No doubt readers of these articles will have ideas and special insights of their own about drug utilization and prescription. What other areas of prescribing should be bright-lighted that can be looked at in the Medicare or similar databases? Every person should have some unique insight into how we can prescribe more efficiently, more safely, with as good or better outcomes, and at lesser cost. Surely some of these ideas can become incorporated into public health policy.
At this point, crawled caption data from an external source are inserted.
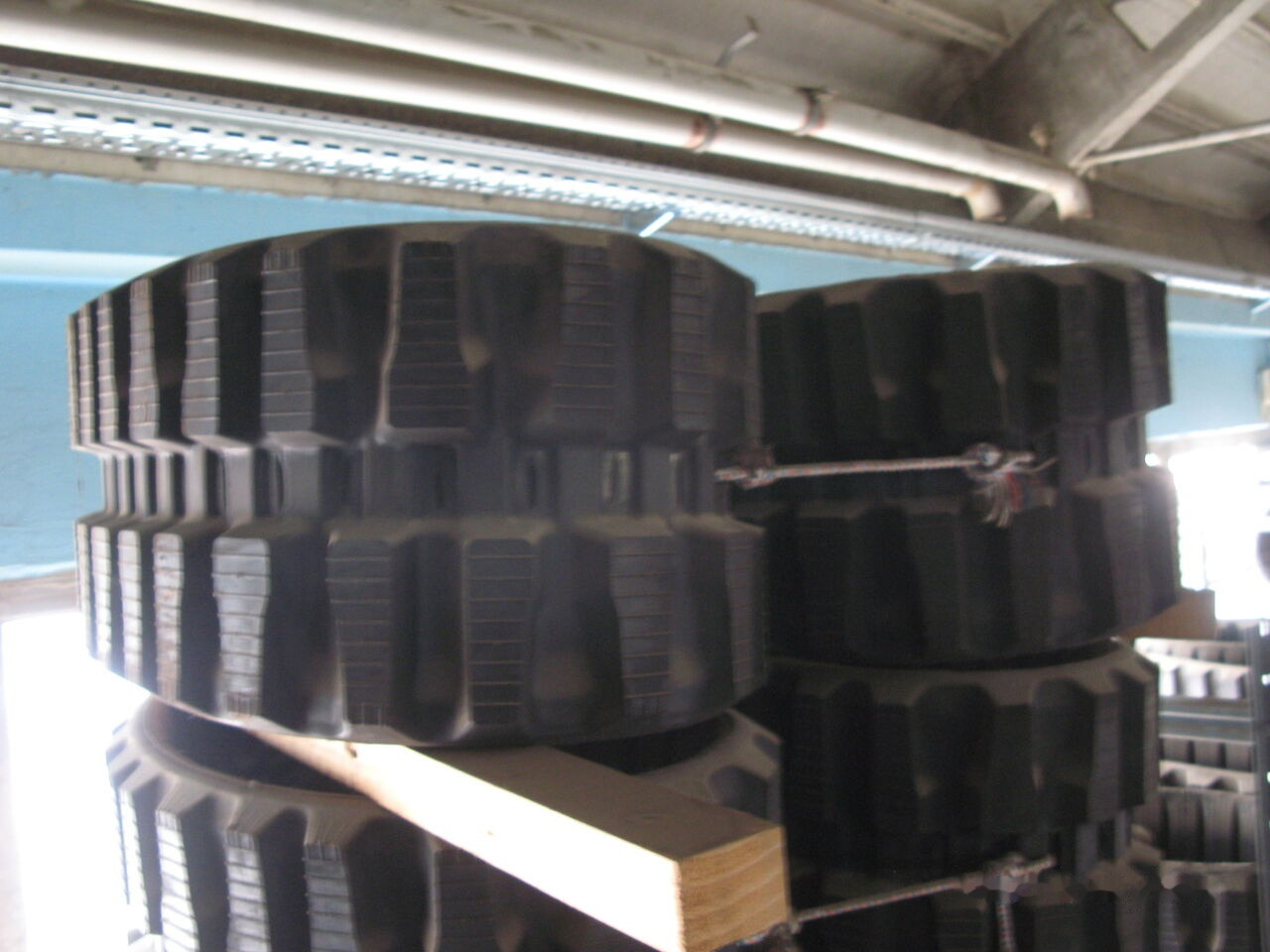 TAERYUK CW300X52,5X72 - Senila pentru Excavator: Foto 1 TAERYUK CW300X52,5X72 - Senila pentru Excavator: Foto 1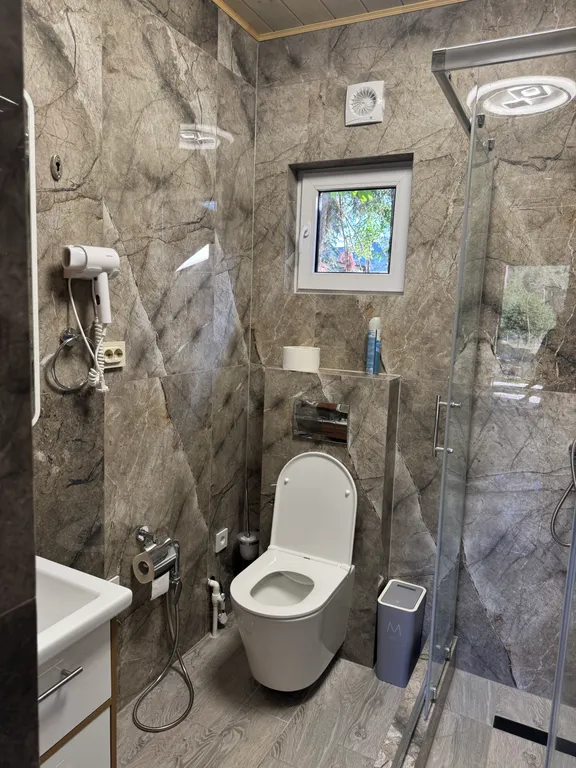 Коттедж Дом с панорамными окнами и видом на лес — Архыз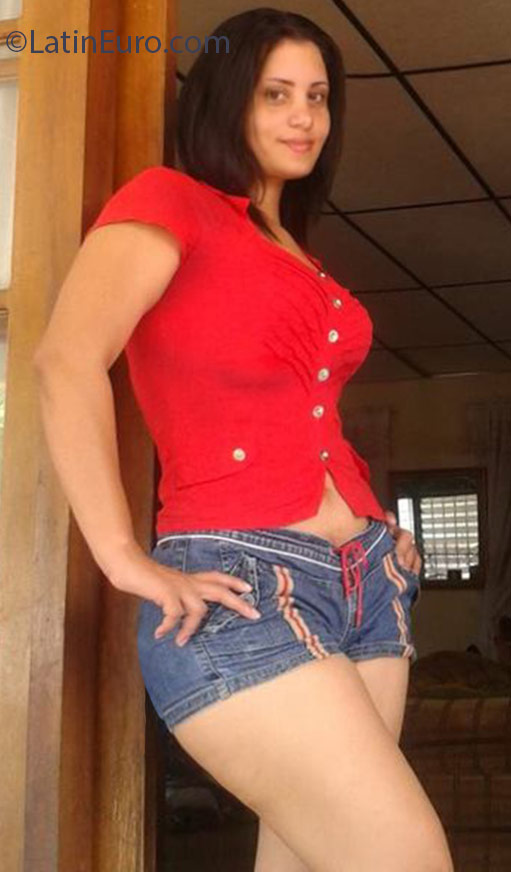 Date this good-looking Panama girl Daysi from Panama PA895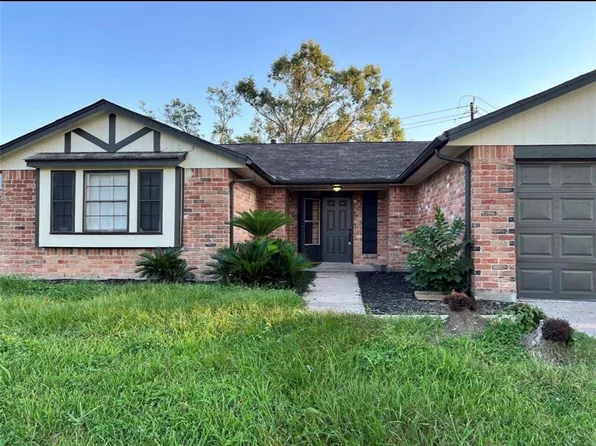 9438 Fuqua St, Houston, TX 77075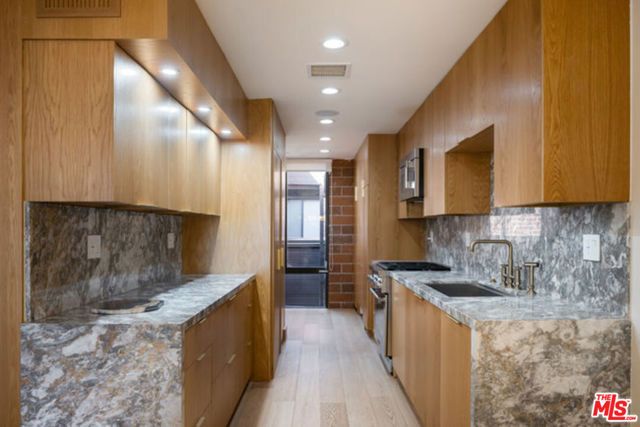 1033 Carol Drive 305, West Hollywood, CA 90069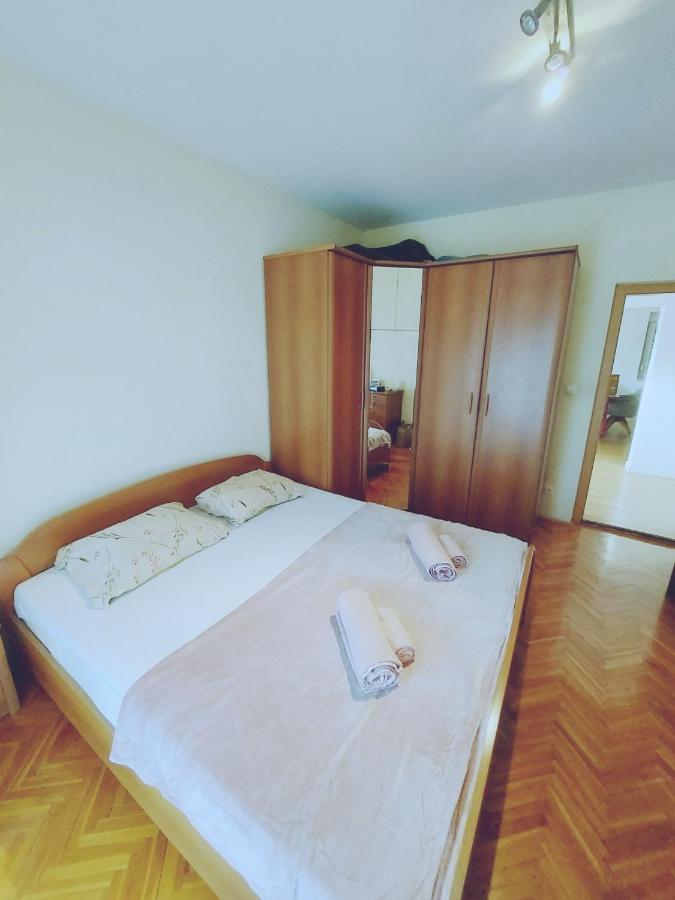 Apartman Konfidenca บีโอกราดนาโมรู ภายนอก รูปภาพ
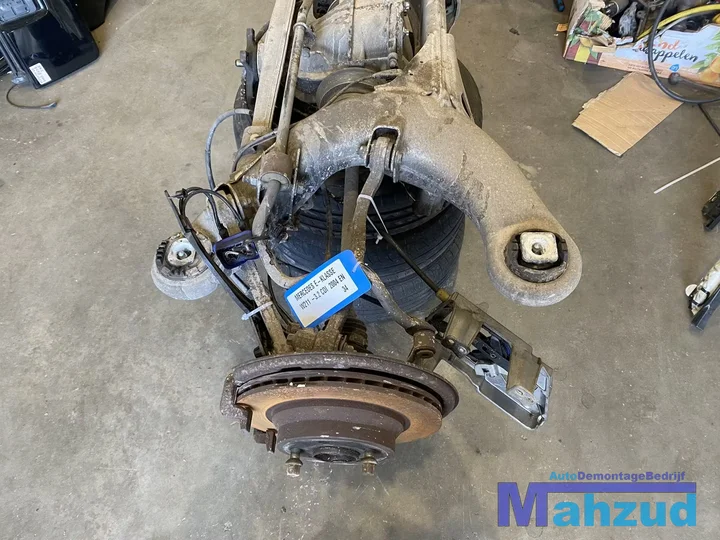 mercedes-eklasse-w211-achteras-subframe-cardanas-20022009 — foto 8
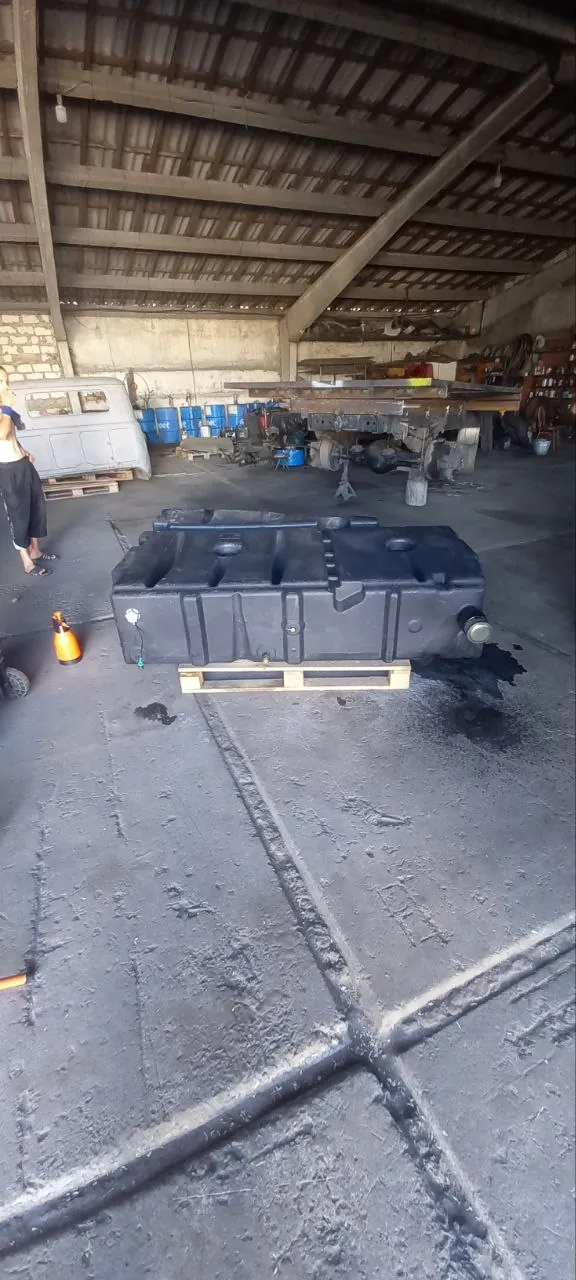 Foto 8 der Reparatur — Kraftstofftank-Reparatur Claas Lexion 580 — Riss an der typischen Schwachstelle
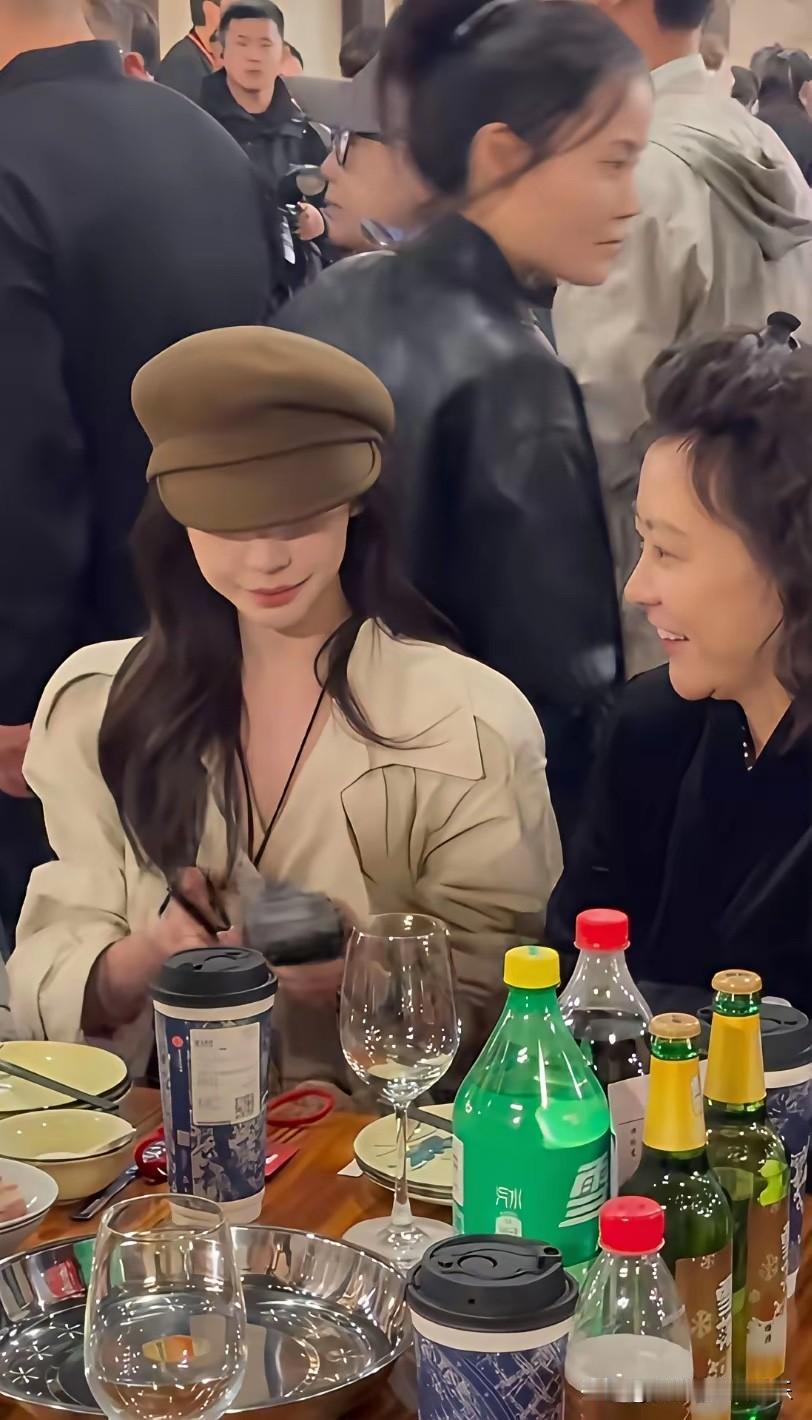 终于知道，当初邓超跟她同居几年，也没有娶她了[捂脸哭]，老得真快啊[捂脸哭][捂脸哭]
There are tools in the public’s hand to do additional exploratory analysis. Just last week, Medicare made available a “Part-D Prescriber Look-up Tool” that allows anyone to do searches of the Prescription Database without a high-powered computer or software. Take a look at my comment to my own recent article for suggestions on how you can become involved. Feel free to comment below or to contact me by email to share, or arrange further conversation by phone.
Peter Hasselbacher, MD
Emeritus Professor of Medicine.
September 13, 2015
Technical Note on Adjustment of Prescribing Rates:
I needed some way to normalize the number of opioid prescriptions for the size of a city. A city with a large population would be expected to have a higher volume of prescriptions even if the overall rate of prescribing is not excessive. The best, or at least the easiest I could come up with was to calculate a prescription rate per person. I cross-referenced a table of the 2010 population of cities in Ohio. This is clearly an imperfect method. The census areas used in organizing lists of city populations do not correlate perfectly with the business addresses of Medicare providers, especially in the smaller tracts. Recognize too that these are prescriptions to Medicare beneficiaries, and that the elderly and disabled are not evenly distributed across all cities. In rural areas, Medicare providers may service a broader area, or the presence of a unique facility or service may skew the correction. Nonetheless, the results seem coherent, are of interest, and lend a different and more objective perspective to the analysis. I posit a working assumption that patterns of opioid prescription to Medicare patients in a given community are at least in part representative for all inhabitants, and that drugs prescribed to Medicare beneficiaries trickle down into the larger user marketplace.
As always, if I have made an error of fact or interpretation. please help me to correct it.